Last season, Rollins scored 102 runs and drove in 68 on the season. Over his career, Rollins has averaged 107 runs scored and 72 RBI for every 162 games that he's played.
Millville, NJ's Mike Trout scored a major league high 129 runs and drove in 83 last year on his way to winning the American League Rookie of the Year title.
Rollins has spent the majority of his career as a leadoff hitter and has a career average of .273 with a .332 on-base average hitting at the top of the lineup.
Had Manuel made his comments years ago as he lamented, he would have had much better numbers to back up his statement. From 2005-2007, Rollins averaged 122 runs and 72 RBI per season as a leadoff man. In 2007, Rollins led the majors in games (162), plate appearances (778), and at-bats (716) and led the National League in runs (139) and Triples (20).
The only other option in the Phillies lineup who would be able to stake much of a claim to the leadoff spot would be newly acquired Ben Revere, but Manuel isn't sure exactly what he's got in Revere.

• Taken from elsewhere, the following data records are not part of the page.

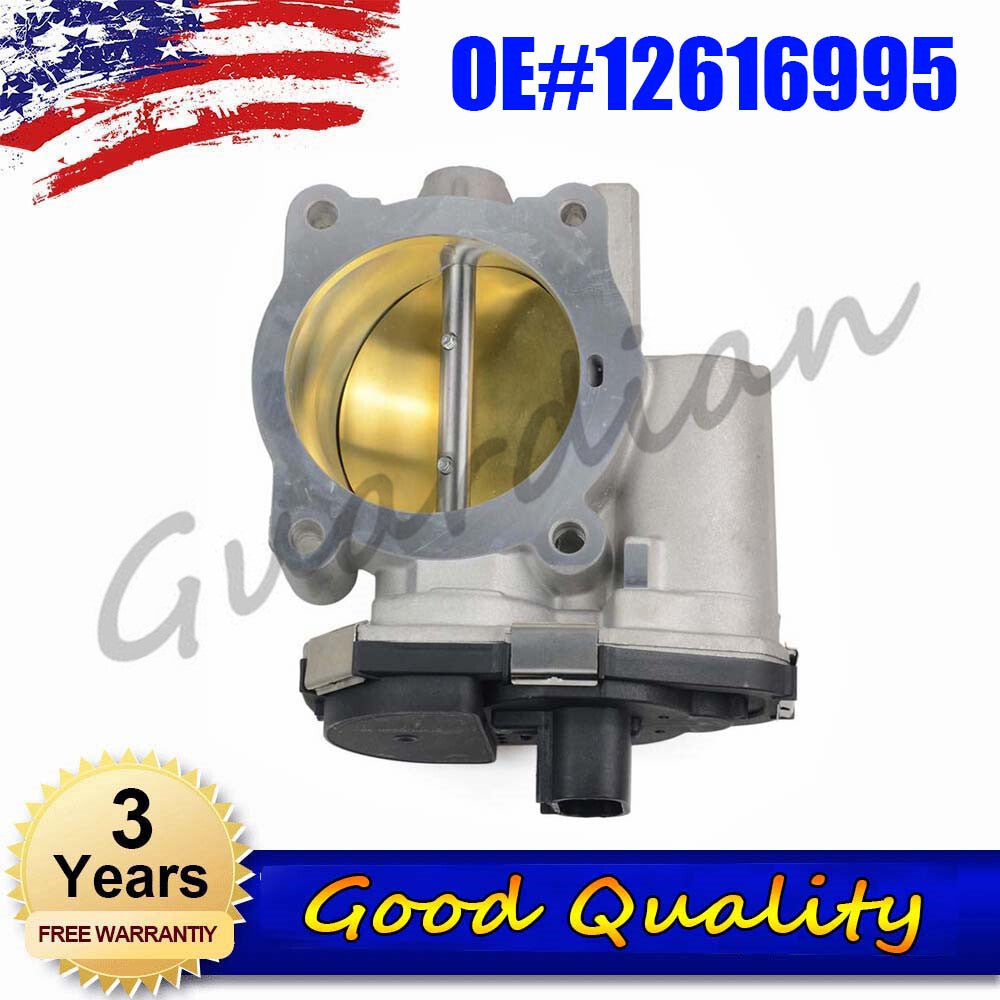 ya 27 7.20 Throttle body 12616995 Applicable to for Saab for Pontiac Grand Olds Bravada for Isuzu i-370 i-350 for GMC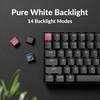 Keychron K2 75% Layout QMK Wireless and Wired Options Mechanical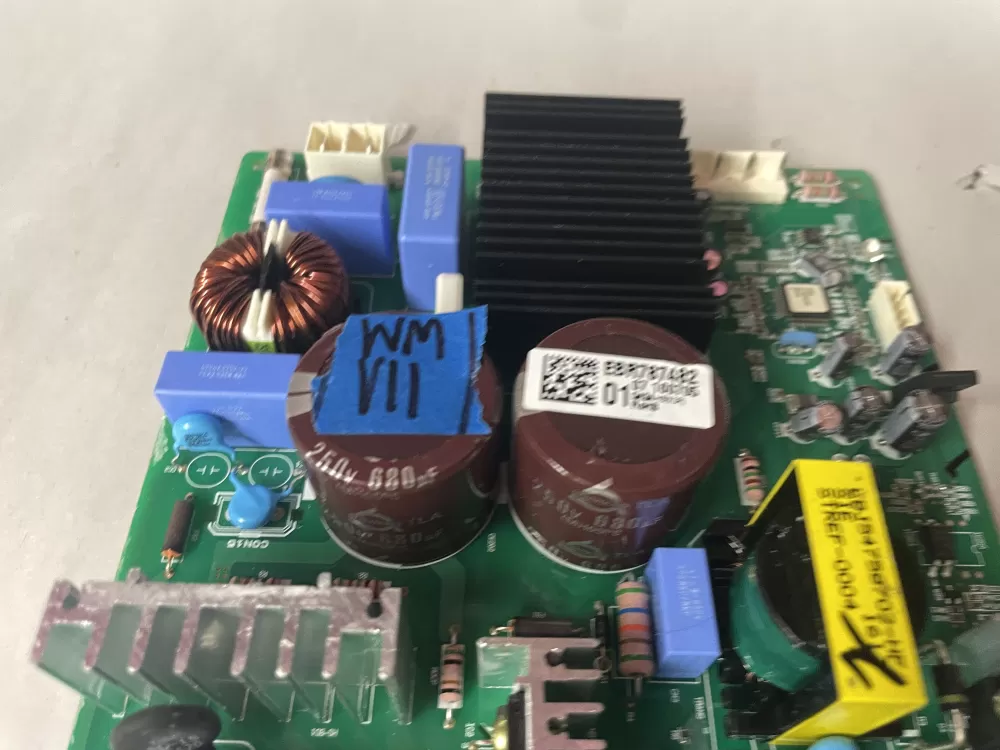 EBR78748201 LG Refrigerator Printed Circuit Board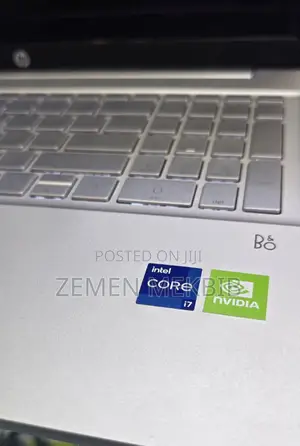 New Laptop HP 16GB Intel Core I7 SSD 512GB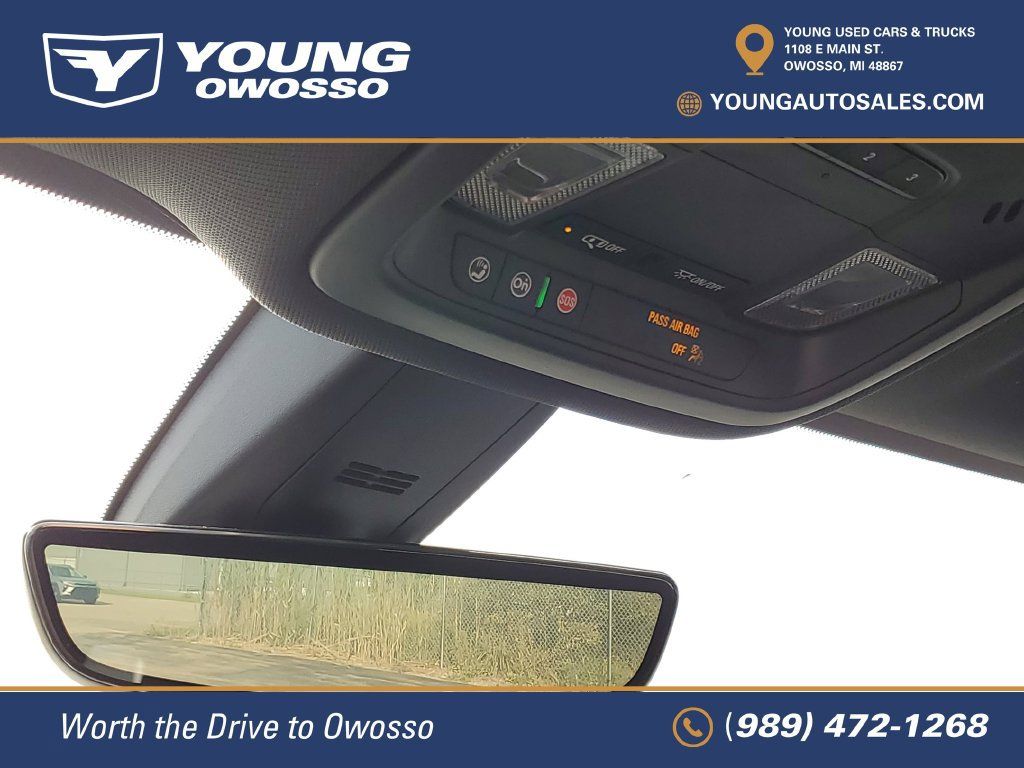 Used 2023 Chevrolet Traverse RS w/ LPO, Floor Liner Package AWD/4WD image 25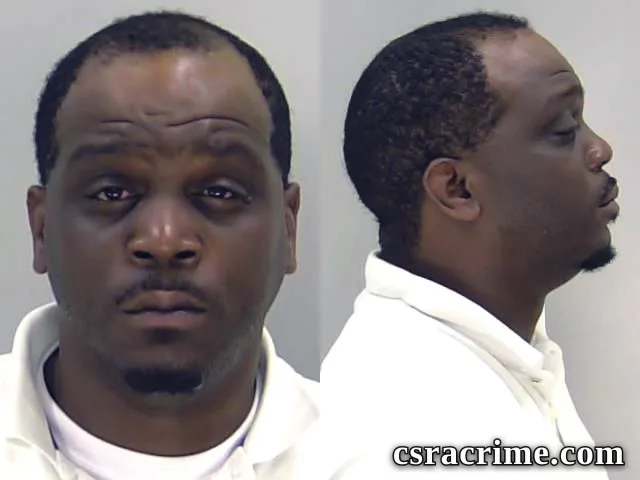 Jamie Williams booking photo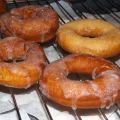 Doughnuts (donuts glaseados)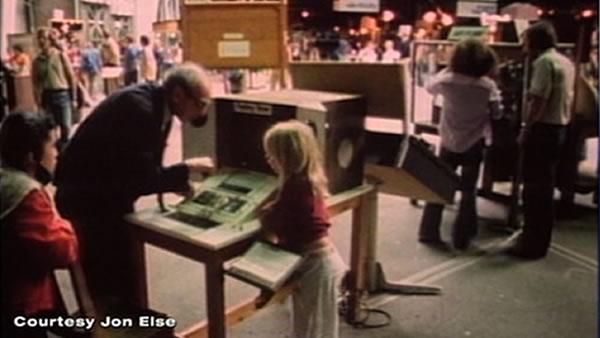 A look back at how SF's Exploratorium came to be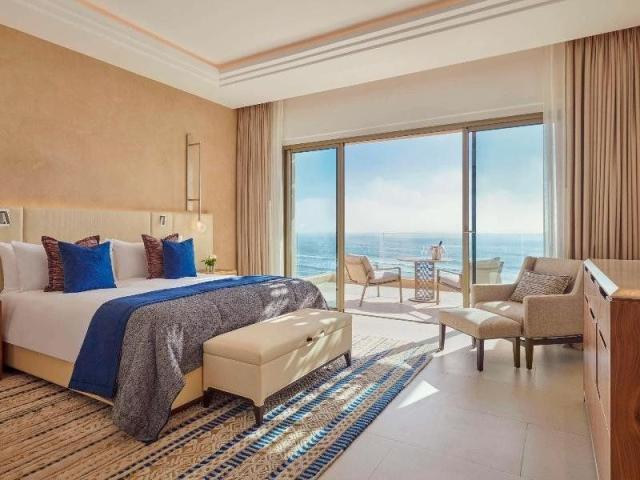 Hotel Fairmont Taghazout Bay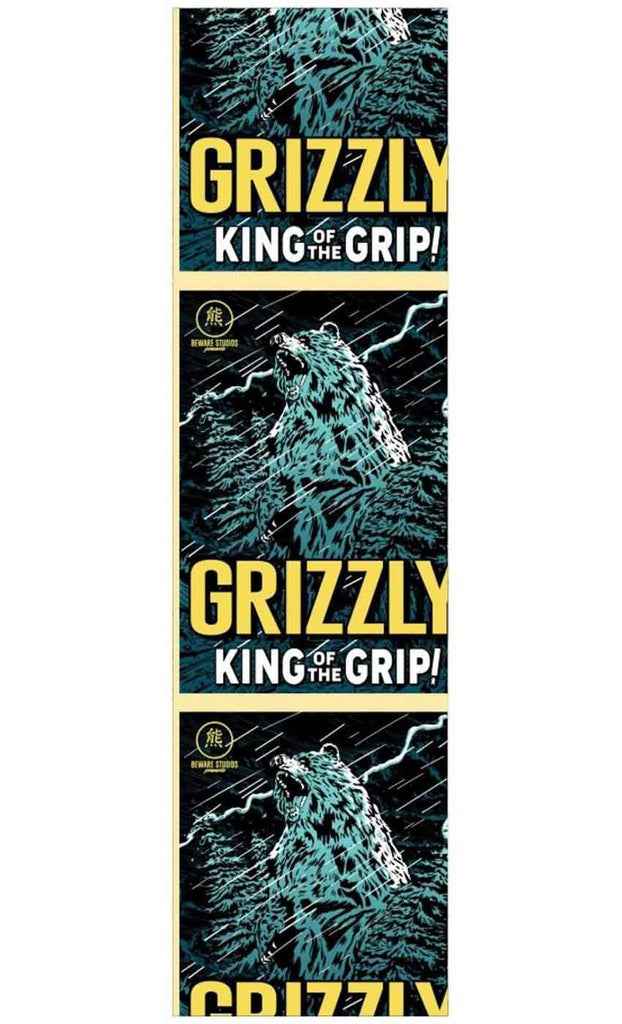 Grizzly Grizzilla Griptape  Grizzly   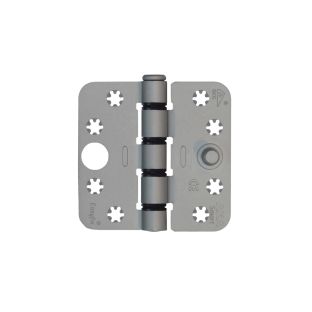 Axa easyfix scharnier skg*** xtremecoat rond 89x89x3mm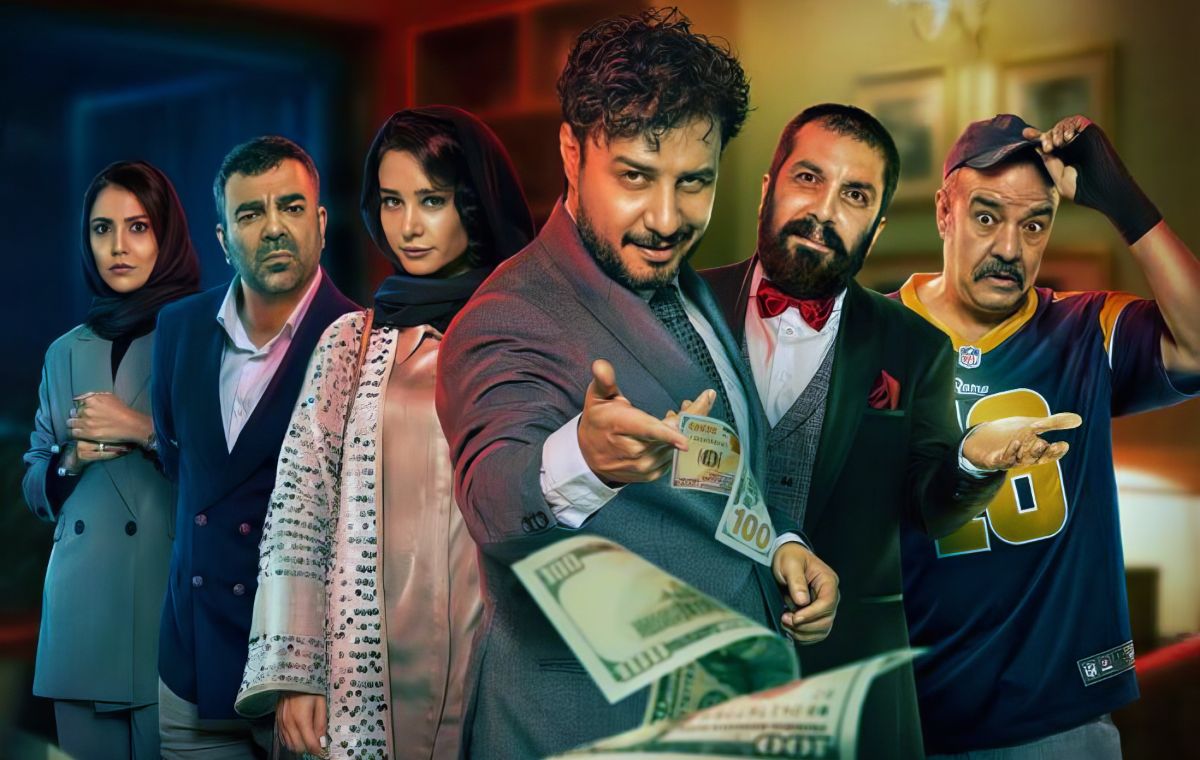 13 فیلم پرفروش 1403/عکس_طلوع شرق 31 temsah-khoni-movie-review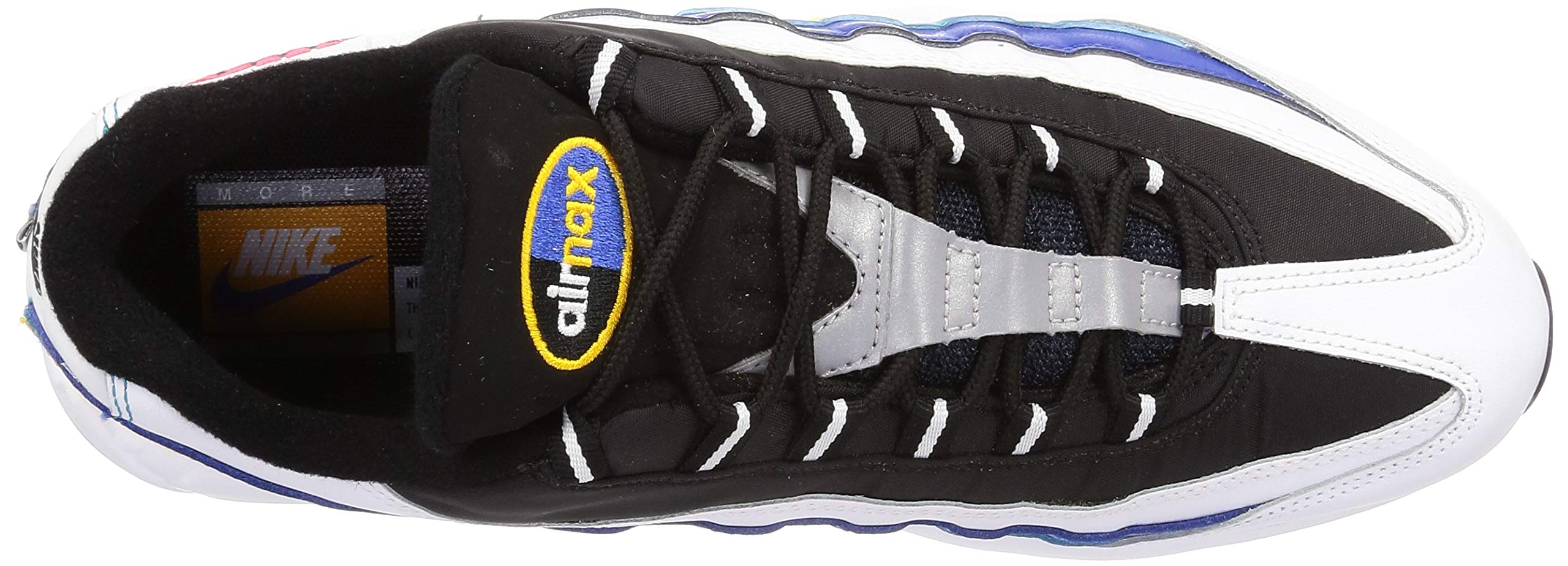 Nike Air Max 95 SE Men's Running Shoes - Lightweight Cushioned Sneakers for Jogging, Gym Workouts & Casual Wear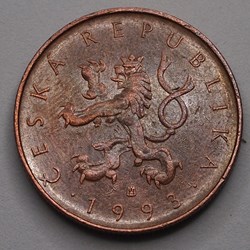 10 Korun - 1993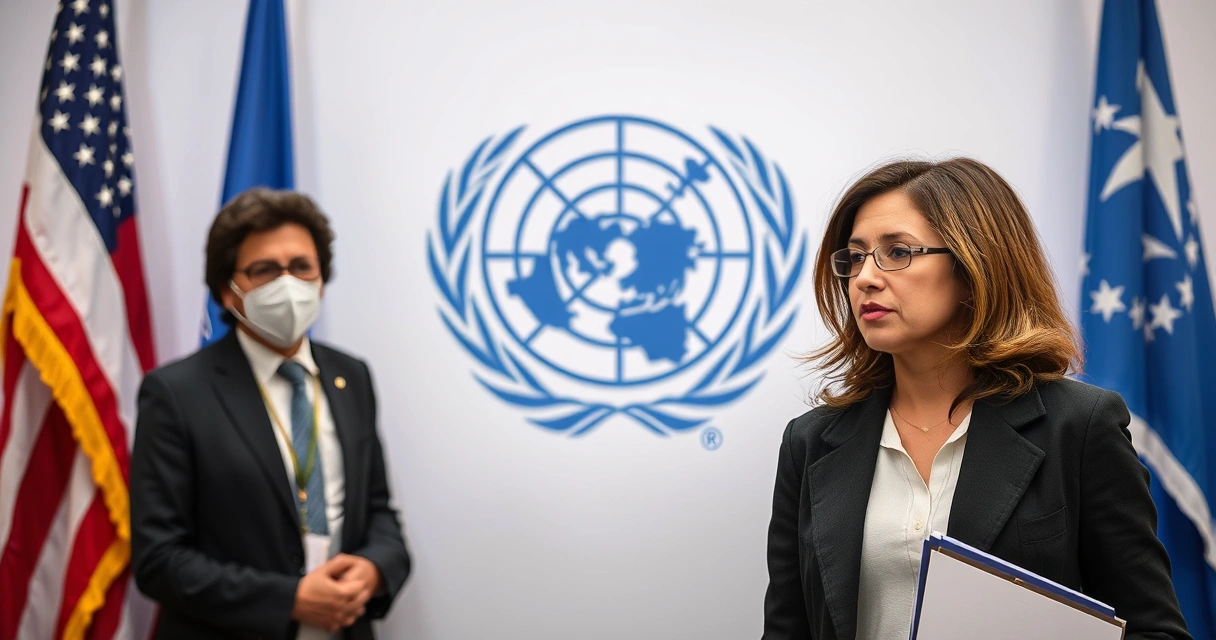 Organização de Vigilância Apoia Sanções de Rubio contra Funcionária da ONU por Atividades Contra EUA e Israel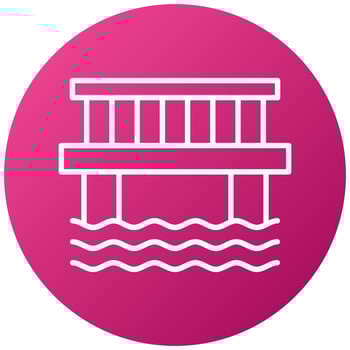 ridge Icon Style Icon Style vector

"Last year, he hit second and scored 70 runs and knocked in 30. I'm anxious to see him hit. I haven't seen him a whole lot," said Manuel of his new center fielder, who he believes will add a lot to his team defensively.
Manuel said that he plans on trying different combinations in spring training and that he really only has Ryan Howard marked for a specific spot in the lineup, which would be fourth.
One thing Manuel wants to accomplish is to come up with a lineup that will bunch some of his better baserunners together, hoping to take advantage of their abilities.
"I want to have our guys who can go first-to-third or second-to-home and play action baseball; I want them together, as much as possible," explained the 69-year old Phillies manager.